Cuando eso sucediese, los bonos o títulos, en realidad todos ellos compromisos
de deuda, que esperaban obtener réditos en un futuro, dejan de obtenerlos. Y se
inaugura un ciclo de desapalancamiento que ahonda la crisis capitalista hasta
que se logra destruir todos esos títulos incapaces de valorizarse.
Las
dinámicas de disociación, válidas para el medio plazo, entre el sistema
financiero e industrial es precisamente lo que muchos autores postkeynesianos,
y diferentes escuelas han venido examinando –la teoría monetaria moderna,
especialmente-, con autores destacados (con aportaciones de diferente índole
más o menos coincidente, más o menos divergentes) como H. Minsky, o,
alternativamente Y. Varoufakis o S. Keen. Todos ellos han corregido a los neoliberales
y neokeynesianos que o interpretaban mal –los primeros atribuían a la deuda
pública los problemas- o negaban el papel de las deudas –en casos como el de
Paul Krugman-.
Las
respetables aportaciones postkeynesianas, aún advirtiendo procesos reales,
realizan un examen parcial del problema y llegan a afirmar que el problema
sistémico que vivimos es simplemente producto de una distorsión del mundo
financiero y su desregulación y, complementariamente, un problema de
distribución de la renta –cuyo asignación se dirime políticamente-.
En
lo que concierne al primer factor que ellos analizan, cabría decir que si bien
es cierto que la desregulación financiera añade un problema al sistema, no es
cierto que sea el único problema, y menos aún lo es que el sistema industrial
no los tenga. El sistema de inversión y producción está orientado por la
rentabilidad y el propio esquema de su formación –en el que concursa
competencia entre empresas y apropiación del excedente vía plusvalía- y está
abocado a crisis cíclicas. En este sentido, el periodo actual, en la presente
onda larga, se caracteriza por una flagrante sobreproducción. En segundo lugar,
no es suficiente con apostar con políticas de distribución de la renta que
mejoren la inversión y el consumo, porque en la formación de la tasa de
ganancia que orienta el sistema, también está presente la tendencia recurrente
al crecimiento de la composición orgánica del capital.
Así,
la dinámica de disociación entre el sistema de producción de valor y el sistema
financiero y monetario, encontró su venganza a partir de 2008. A partir de entonces
la creación de capital ficticio, en la que las deudas es su manifestación
material, obligaba a recordar los necesarios vínculos entre ambos sistemas. Aquel
dinero, aquellos bonos que ya no encontraban posibilidades de recuperar
retornos del mundo productivo se desvalorizan.
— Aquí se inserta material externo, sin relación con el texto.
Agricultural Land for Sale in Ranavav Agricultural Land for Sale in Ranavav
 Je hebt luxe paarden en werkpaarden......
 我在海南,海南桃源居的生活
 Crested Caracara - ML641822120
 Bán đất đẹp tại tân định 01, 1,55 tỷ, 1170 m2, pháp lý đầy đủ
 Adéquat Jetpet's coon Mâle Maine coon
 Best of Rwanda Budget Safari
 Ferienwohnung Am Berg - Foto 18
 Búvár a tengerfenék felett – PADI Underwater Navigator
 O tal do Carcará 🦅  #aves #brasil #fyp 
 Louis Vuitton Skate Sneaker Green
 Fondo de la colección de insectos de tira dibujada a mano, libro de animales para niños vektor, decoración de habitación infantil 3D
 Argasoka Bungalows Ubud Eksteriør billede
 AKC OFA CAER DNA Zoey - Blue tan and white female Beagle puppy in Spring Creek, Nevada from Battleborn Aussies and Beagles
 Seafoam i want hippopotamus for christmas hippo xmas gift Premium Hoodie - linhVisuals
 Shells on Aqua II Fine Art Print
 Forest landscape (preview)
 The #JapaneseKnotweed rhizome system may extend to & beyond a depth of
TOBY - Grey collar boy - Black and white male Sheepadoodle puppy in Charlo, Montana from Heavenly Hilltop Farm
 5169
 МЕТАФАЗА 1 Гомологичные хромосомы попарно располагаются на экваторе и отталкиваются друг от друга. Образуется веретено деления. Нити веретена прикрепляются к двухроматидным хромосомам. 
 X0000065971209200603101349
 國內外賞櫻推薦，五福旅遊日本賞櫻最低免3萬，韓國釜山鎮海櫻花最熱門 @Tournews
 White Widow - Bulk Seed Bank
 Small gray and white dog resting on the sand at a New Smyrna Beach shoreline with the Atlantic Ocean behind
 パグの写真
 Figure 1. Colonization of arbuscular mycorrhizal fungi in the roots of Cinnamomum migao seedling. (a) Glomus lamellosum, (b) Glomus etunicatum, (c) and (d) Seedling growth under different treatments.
Todo lo que se revalorizaron de
más debe pincharse lo que comporta un lastre añadido por la hipertrofia
financiera causada y por el proceso de desapalancamiento abierto. Este hecho lo
verifican tanto autores marxistas como postkeynesianos.
Sin
embargo, los planteamientos de ambas escuelas se distinguen en este punto. Los
postkeynesianos vienen a decir que el sistema industrial de producción funciona
mal simplemente por un mal esquema de funcionamiento financiero, un mero
problema de regulación. Los analistas marxistas más modernos no niegan algunas
afirmaciones de estos autores postkeynesianos, pero afirman que el problema es
mucho más complejo.
En
este episodio nuevo se alió la caída de la tasa de ganancia y la imposibilidad
de seguir desplazando hacia delante la crisis de sobreproducción vía crédito,
conjuntamente a la hipertrofia financiera. Los postkeynesianos abordan
insuficientemente el primer problema, y parece que lo atribuyen casi todo al
desgobierno financiero. Además, estos autores hacen un ejercicio de
voluntarismo al tratar de reclamar políticas de redistribución como si
surgiesen de una operación de recomendación técnica (aunque aquí hay que ser justos
con la tradición kaleckiana que introduce en este esquema el conflicto de
clases), al tiempo que hay que recordar los efectos del “denominador de la tasa
de ganancia” (la composición orgánica del capital) cuando la cuestión es
fundamentalmente política y de confrontación en un conflicto social de grandes
dimensiones que no abarca únicamente el capítulo distributivo, sino que
concierne al esquema global de las relaciones de producción.
En
suma, si aceptamos una interpretación completa de la cuestión, y admitimos el
diagnóstico marxista, sin ignorar las importantes aportaciones postkeynesianas,
estaríamos, cuando dirimimos el alcance de la crisis de las deudas, a las
puertas de la destrucción masiva de un capital ficticio que no tiene respaldo
en “los fundamentales económicos”, en la dinámica de la creación de valor
(asimisma muy tocada), lo que conduce a un escenario de desapalancamiento que
aboca a una decrecimiento de la producción de valor a largo plazo, y a un
conflicto de nueva índole.
La
crisis se va a enquistar en un curso que alternará recesión, estancamiento y
depresión, pero no por ello es imposible que las grandes corporaciones y las
grandes fortunas sigan saliendo ganadores, pero para hacerlo se prevén una gran
colisión entre clases y capas sociales.
En
este contexto, la gran burguesía, con mayor influencia política, se encuentra
en un escenario sumamente conflictivo, asumiendo que es una clase social
compuesta de diferentes capas jerarquizadas. El curso de sus últimas decisiones
parece adoptar una forma muy particular. Esta dispuesta no sólo a endurecer las
condiciones del mundo del trabajo para sostener la apropiación del nuevo valor
creado, recrear nuevos mercados con la privatización de los bienes comunes, o a
depredar el medioambiente. También lo está a sacrificar a las clases medias
funcionales o el pequeño empresariado local, en general muy subalternos, que
legitimaban su régimen de gobierno, intentado reestablecer una alianza
–jerarquizada- entre la burguesía globalizada, en un marco en disputa por la
competencia internacional entre bloques continentales. Sin duda, esto augura un
horizonte dramático e incierto, así como la posible adopción de medidas
autoritarias para hacerlo posible.
Una
vez más, la lucha de clases tiene la palabra.